§ EXERCISE AIM: An exact reproduction of the data below is expected, free of images.

§ INPUT DATA:
▼

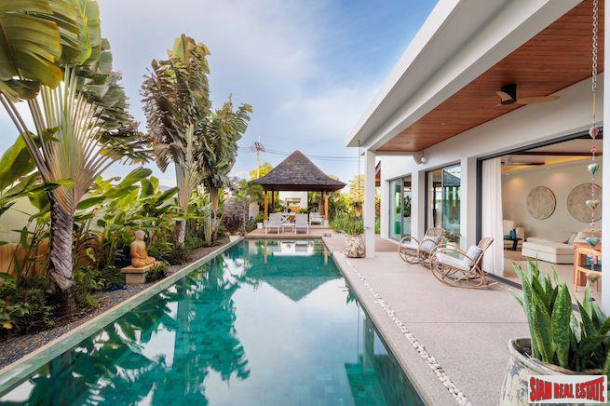 PhuStone Villa | Luxurious Four Bedroom Pool Villa for Sale in One of the Most Desirable Areas of Cherng Talay-2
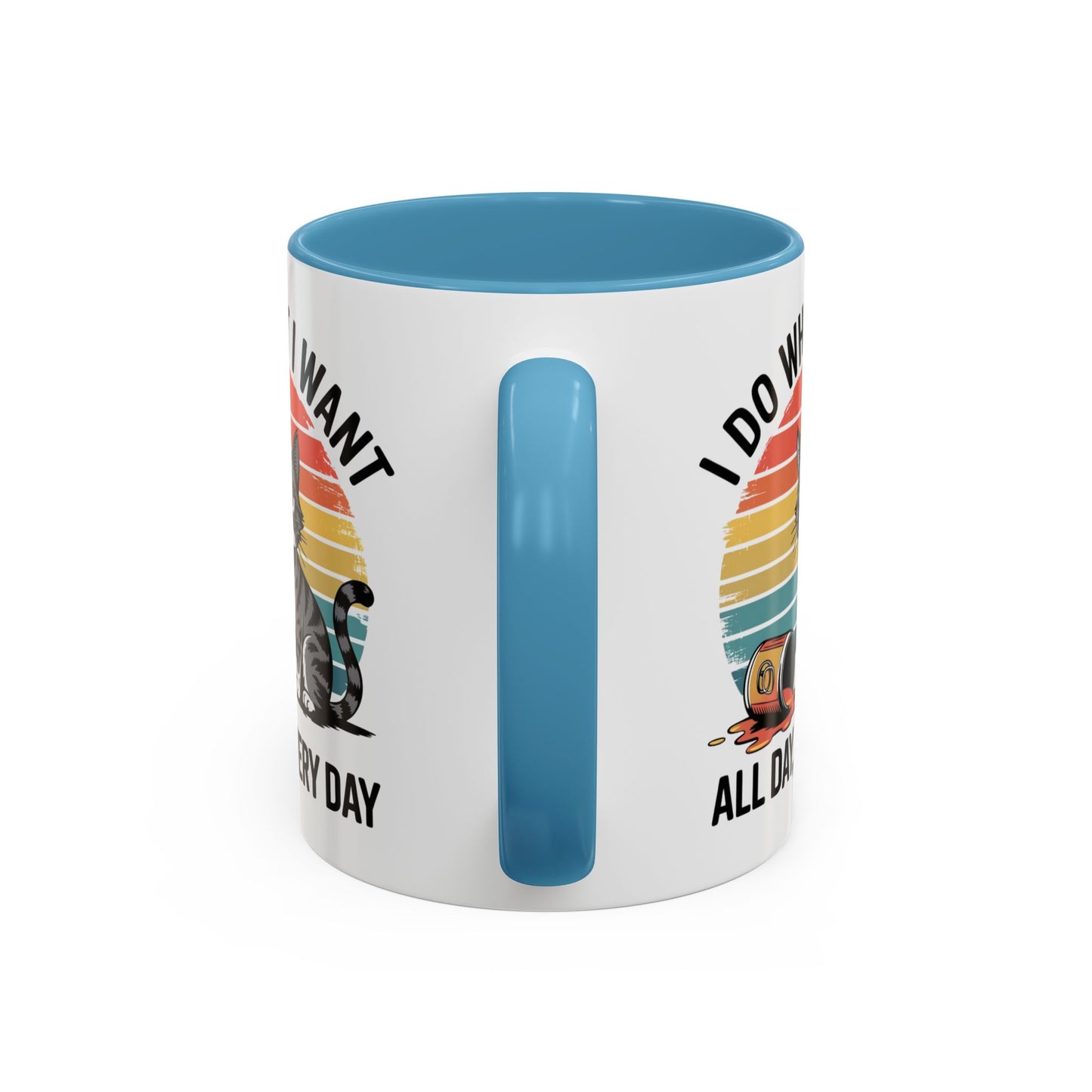 Animal Mug - I Do What I Want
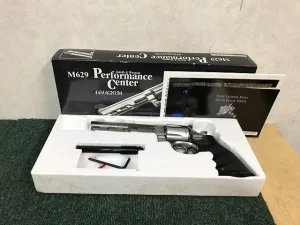 東京都 世田谷区より タナカ ワークス SMITH&WESSON パフォーマンスセンター M629 ガスガン を店頭買取しました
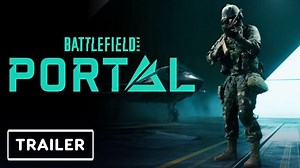 Battlefield Portal: Trailer reveals arguably the biggest sandbox in series history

▲

§ TASK RESULT:
 PhuStone Villa | Luxurious Four Bedroom Pool Villa for Sale in One of the Most Desirable Areas of Cherng Talay-2
 Animal Mug - I Do What I Want
 東京都 世田谷区より タナカ ワークス SMITH&WESSON パフォーマンスセンター M629 ガスガン を店頭買取しました
 Battlefield Portal: Trailer reveals arguably the biggest sandbox in series history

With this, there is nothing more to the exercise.